Folha de S. Paulo


Usar camisa da CBF contra corrupção é contrassenso, diz criador de uniforme

Protestar contra a corrupção usando a camiseta da seleção brasileira, com a marca CBF no peito, é um contrassenso. E quem faz a afirmação tem autoridade no assunto. "Esses mal-informados usam a camisa da entidade mais corrupta do mundo", disse Aldyr Garcia Schlee.

Criador da camiseta em 1953, o escritor, jornalista e desenhista se refere à Confederação Brasileira de Futebol. "As pessoas são tão ignorantes que não se dão conta que estão usando um símbolo da corrupção para combater a corrupção", completou ele à Folha em entrevista por telefone do seu sítio em Capão do Leão (a 226 km de Porto Alegre), no sul do Estado.

A CBF está envolvida no "Fifagate", escândalo de corrupção mundial da Fifa (gestora do futebol mundial) que veio à tona no ano passado. O presidente da entidade brasileira, Marco Polo Del Nero, e o ex-chefe da CBF Ricardo Teixeira foram indiciados.

Paulo Rossi-14.jun.2010/Folhapress
Aldyr Garcia Schlee com camisas da seleção brasileira
Aldyr Garcia Schlee com camisas da seleção brasileira

Para criar a camiseta, Schlee venceu o concurso do jornal "Correio da Manhã". Tinha 19 anos na época e sua ideia foi a escolhida entre outras 200. Até então, o uniforme do Brasil era uma camisa branca. A mudança foi idealizada após a então única trágica derrota do Brasil para o Uruguai, por 2 a 1, na final da Copa de 1950, no Rio.

O curioso é que Schlee vibrou com aquela vitória uruguaia porque, nascido em Jaguarão, na fronteira do Uruguai, sempre ficou dividido entre os dois países.

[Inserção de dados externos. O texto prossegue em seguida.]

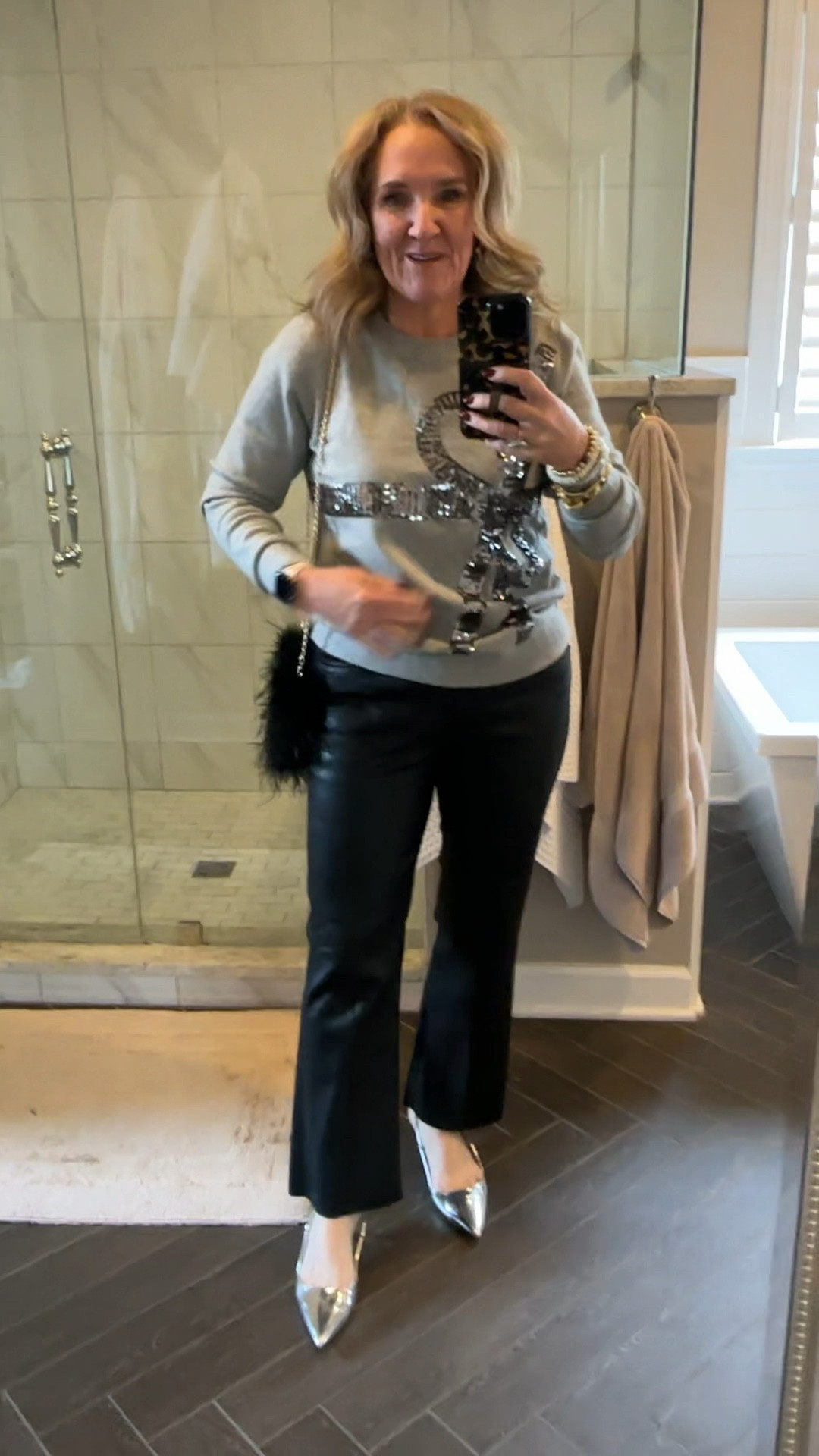 Holiday party outfit. Sweater is 50% off today. Wearing a medium.  

I’ll link the jeans at a couple of different places so you can find your size. I am wearing my smaller size and eight. They are a coded denim so it looks like faux leather but feels more like jeans

Allie+Bess code NANETTE20 

NYE outfit Christmas party outfit 

#LTKOver40 #LTKFindsUnder100 #LTKHoliday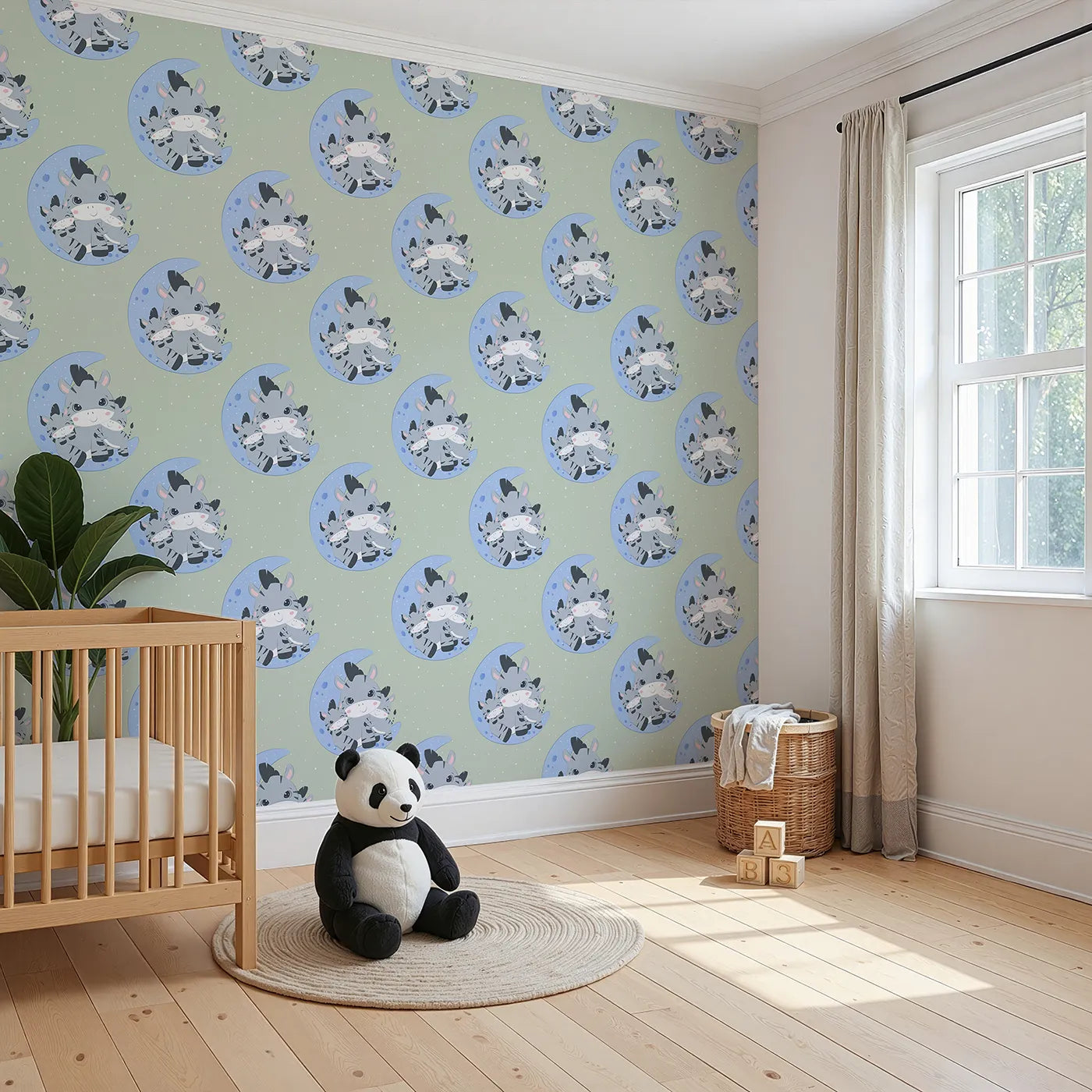 Angled view of Whimsy Tots' Moon Cuddles Zebra Wallpaper in Green (W3031C).A sleepy trio of zebras brings calm under the moonlight.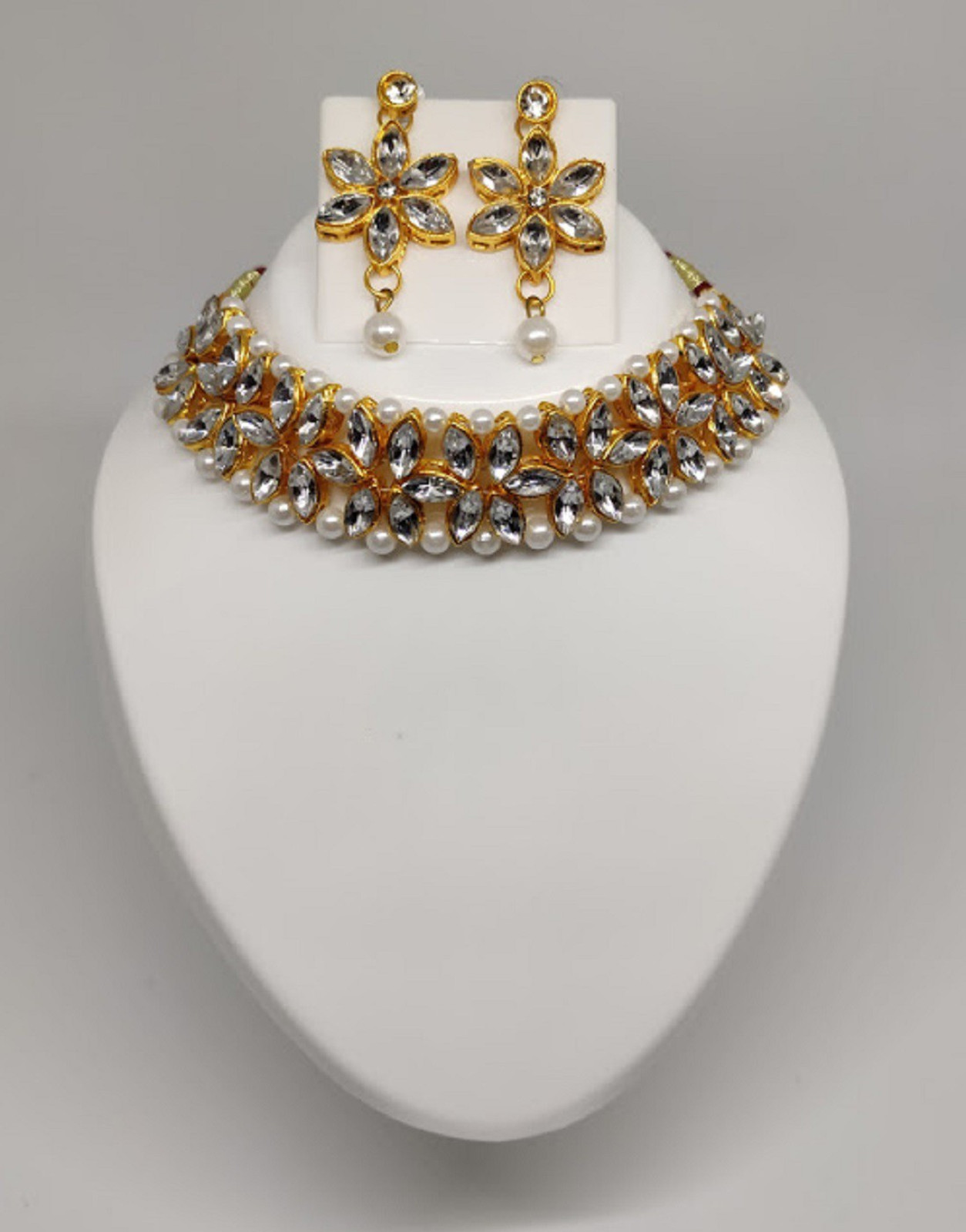 Shimti Alloy Gold-plated White Jewellery Set – White – view 4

"No Uruguai sou considerado um autor uruguaio", diz Schlee. O escritor tem diversos livros em espanhol. Um deles, "El dia en que el papa fue a Melo" (1991), inspirou o filme "O banheiro do papa" (2007) sobre a visita de João Paulo II à pequena cidade de Melo, em 1988. Em 2013, foi publicado em português, pela editora Ardotempo.

No Brasil, Schlee ganhou duas vezes o prêmio Nestlé de Literatura e outras cinco o Açorianos. Como jornalista, Schlee levou o Esso, principal prêmio jornalístico do país, em 1962.

"Minha obra é toda desenvolvida no mundo literário sob a fronteira do rio Jaguarão, do lado de cá e do lado de lá [Uruguai]. É mais do que uma ligação de nascimento, passa-se no mundo dos sonhos, da invenção literária", conta o autor.

TESE CENSURADA

Em 1965, Schlee foi impedido pela ditadura militar (1964-85) de defender sua tese de doutorado em direito intitulada "O direito de autodeterminação dos povos", na UFRGS (Universidade Federal do Rio Grande do Sul).

"As únicas três cópias em papel da tese foram apreendidas pelos militares, passaram doze anos no porão de um quartel e só me devolveram bem depois", relembra. A tese acabou defendida apenas em 1977.

"Quando a defendi, já estava consagrada universalmente [a tese de autodeterminação dos povos]. Ninguém mais alegava nada contra e o Brasil tinha ratificado todos os pactos de direitos humanos que foram geridos na ONU", conta Schlee, que foi preso três vezes desde 1964.

A acusação contra o escritor era definida, diz ele, por uma "palavra vaga e que hoje ninguém se preocupa com seu significado": subversivo.